Data excerpt

—————

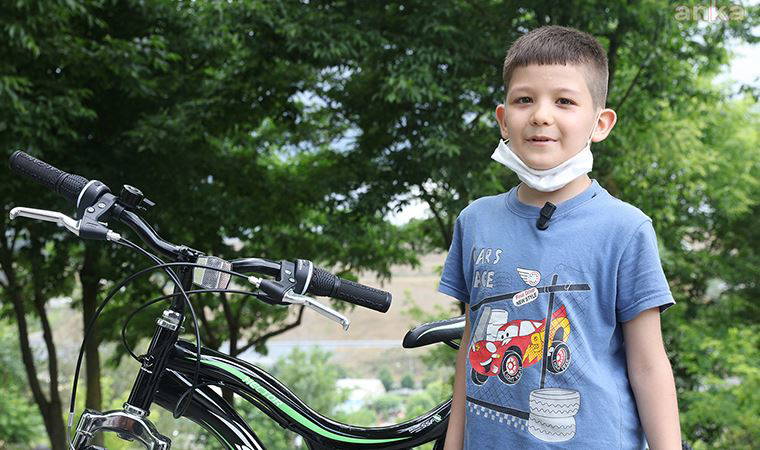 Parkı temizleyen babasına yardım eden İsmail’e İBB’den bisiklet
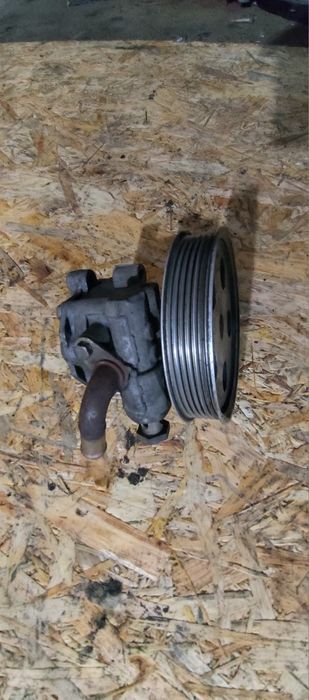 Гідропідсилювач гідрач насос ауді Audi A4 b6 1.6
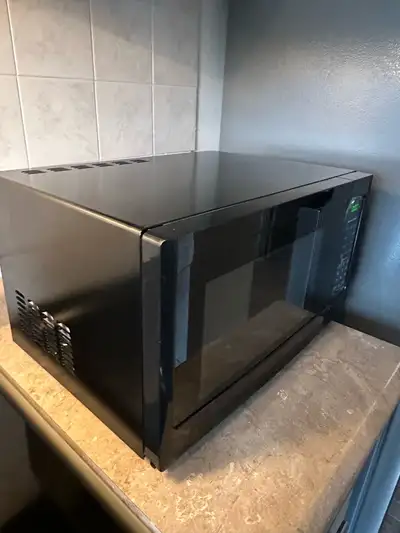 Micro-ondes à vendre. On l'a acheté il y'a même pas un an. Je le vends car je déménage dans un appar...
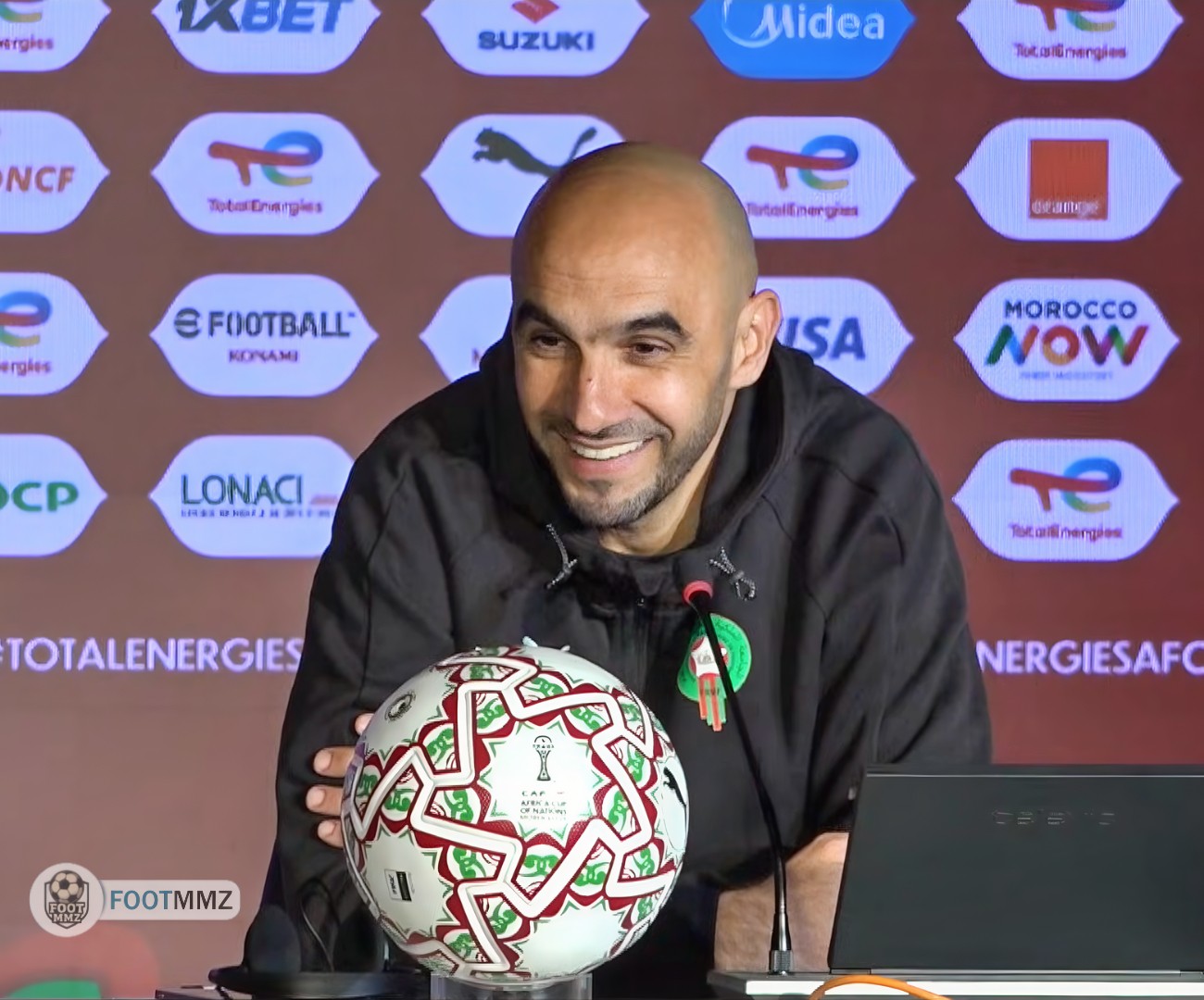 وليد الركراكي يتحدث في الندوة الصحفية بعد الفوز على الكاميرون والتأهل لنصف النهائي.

—————

Problem to work on
Set the data above down again exactly as given, with no pictures.

Output for this task
 Parkı temizleyen babasına yardım eden İsmail’e İBB’den bisiklet
 Гідропідсилювач гідрач насос ауді Audi A4 b6 1.6
 Micro-ondes à vendre. On l'a acheté il y'a même pas un an. Je le vends car je déménage dans un appar...
 وليد الركراكي يتحدث في الندوة الصحفية بعد الفوز على الكاميرون والتأهل لنصف النهائي.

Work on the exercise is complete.